The nitty-gritty of moving from WordPress to HarpJS

It wasn't easy but I'm now nearly happy with my all-new GitHub-Pages-hosted HarpJS-generated static blog. Here are all the gory details.

As I said in the previous posts, the move from WP to HarpJS was not exactly smooth. But I’m glad I’ve done it as I finally learned how to use a lot of things like Jade that I’ve long-fingered for years.

The first step was to get the original content out of WordPress. This had the added twist that the conoroneill.net blog actually started out as a Posterous blog which I imported into WordPress when I realised that Posterous was a dead-end. So the first two years of posts have some “interesting” problems in them.
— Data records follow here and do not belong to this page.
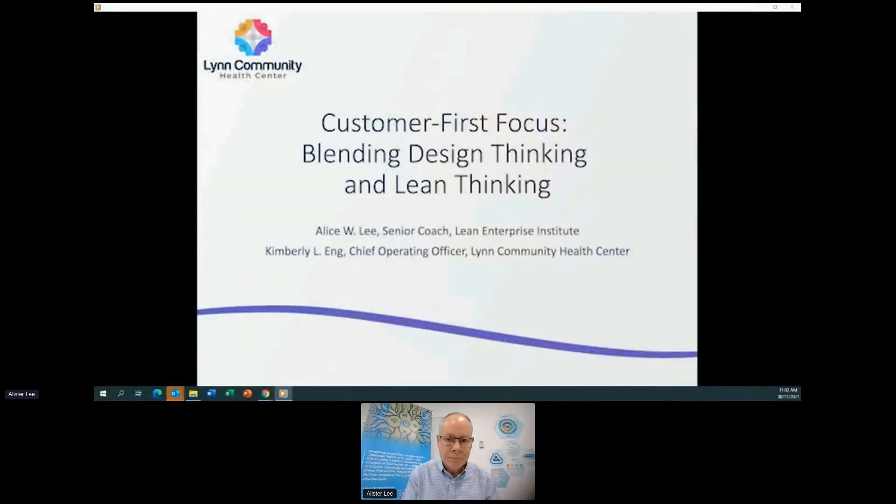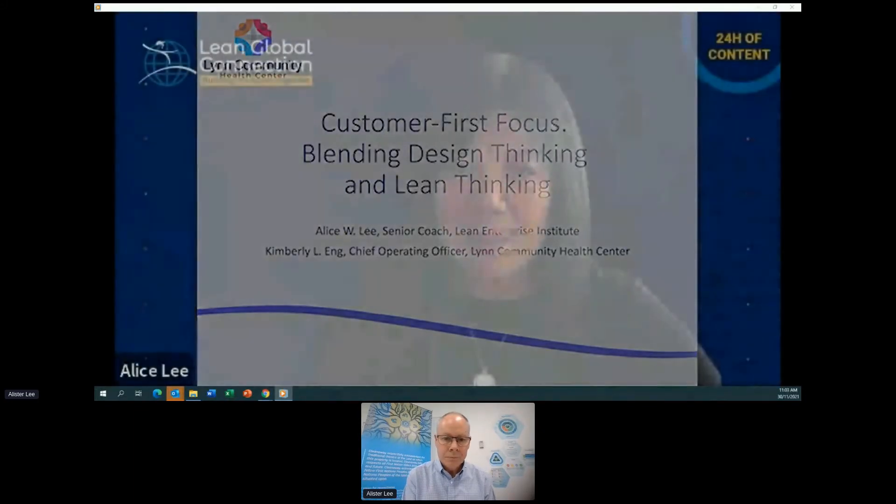Greetings from Boston, Massachusetts in the U.S. Kim Ng and I will be talking to you today about a project that we've been running. We're calling this talk 'Customer First Focus' and how we blended design thinking with lean thinking in solving an important business problem. We'll also share an actual case study — although it's actually in flight — but we will share what we've done so far and go deep in some areas as much as we're able.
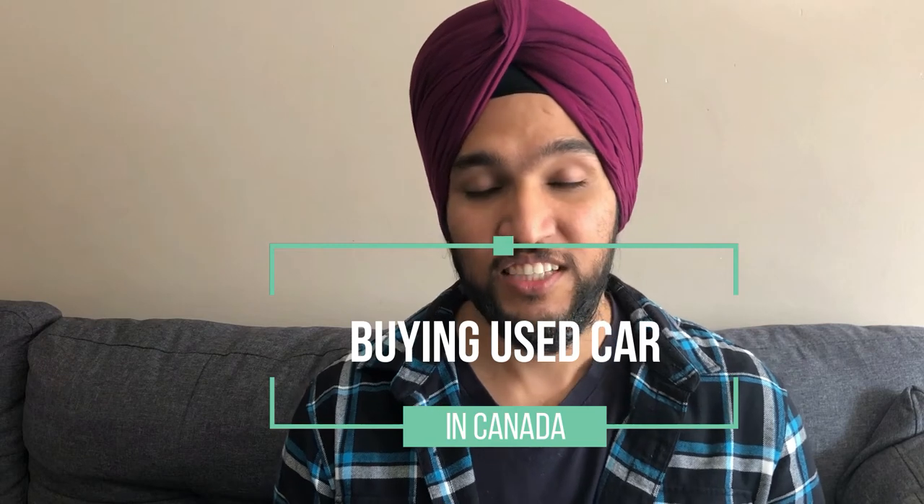Hi everyone, it's me Jasdeep and I'm back again with another video, this time on how to buy a used car in Canada. This video is especially helpful for newcomers who have other priorities when they come to Canada and generally go for used cars. Through this video we'll get to know the step-by-step process of buying a car, how you can get the best bang for your buck, and how you can eliminate all the risks of buying a used car. So let's get started.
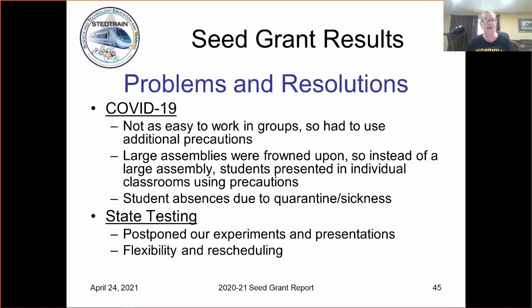We had a longer range of state testing because of all of the precautions this year, so we had to be really flexible and willing to reschedule. In fact, I think there are one or two classrooms that we still have to visit, but we've still got that last month.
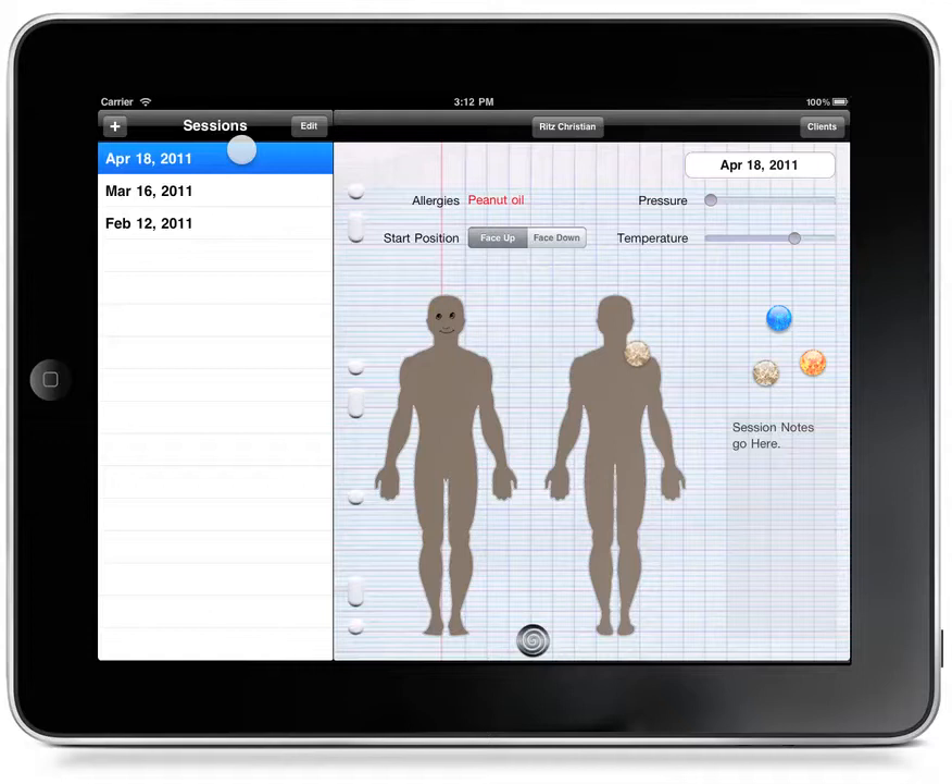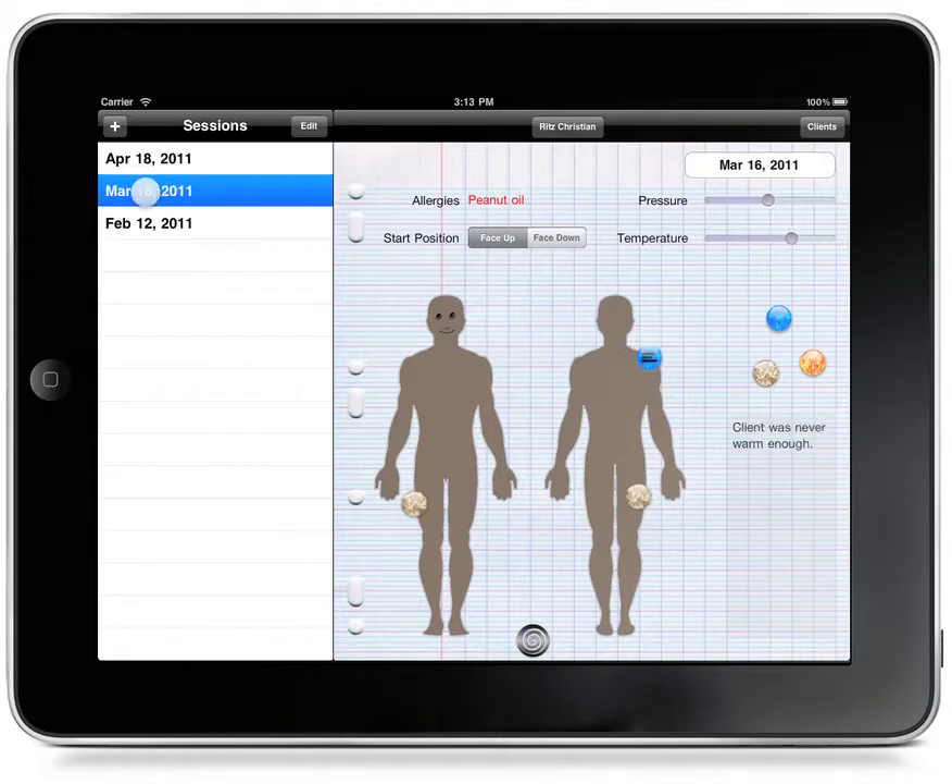Our client is coming in for his April 18th appointment. We've seen him now three times, and after the last session we made a note to ourselves to watch the area in his shoulder. So we want to quickly go back through and remember why we've got that little note there.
The tool I used for import was wpJson4Harp as recommended on the HarpJS site. These were the notes I took on that part of the process:

  • It doesn’t work off a WXR export or WP APIs but actually needs access to your WordPress DB. This is not a goer if you have shared hosting with the MySQL access locked down. I had to dump my WP DB and load it into a VirtualBox Ubuntu VM and run the import tool there.
  • As I mentioned above, the older Posterous posts had problems
  • Lots of embedded YouTube Videos not working
  • I was gutted to discover that the Posterous to WP import had not moved over the images. So now that Posterous is gone, so are those images. A harsh lesson learned. I’m just imagining how exposed the average Tumblr person is to the same problem
  • Posterous seemed to use 4 spaces in formatting quite a bit. So of course Harp thinks this is source code in the generated MD files and formats appropriately. I manually did a search/replace on this to convert all sets of 4 spaces to 1. Seems to have done the trick
  • I’ve been using a YouTube plugin which lets me embed videos by using a fake url with the prefix httpv. None of these work. Probably won’t be that hard to do a search/replace on those eventually.
  • The “blog index” file that wpJson4Harp generated (_data.json) is quite crude. It has JS timestamps rather than human readable ones and the posts are not in chronological order
  • I ended up making some changes to its Python source to simplify its output and make it more “blog like”
  • I downloaded all the files from wp-content in WordPress and uploaded them to my S3 account using Cloudberry Explorer. I then did a search replace across all of the MD files to replace my conoroneill.net URLs with https://s3-eu-west-1.amazonaws.com/

So once I had all of the old blogposts as MD files, it was time to get them into some sort of HarpJS blog. I managed to install Harp on Windows after a lot of messing with Visual Studio Express (both 2010 and 2012 now installed) and node-sass. Actully node-saas just seems to be a general pain in the arse and I hope people start using something else that doesn’t require native compilation.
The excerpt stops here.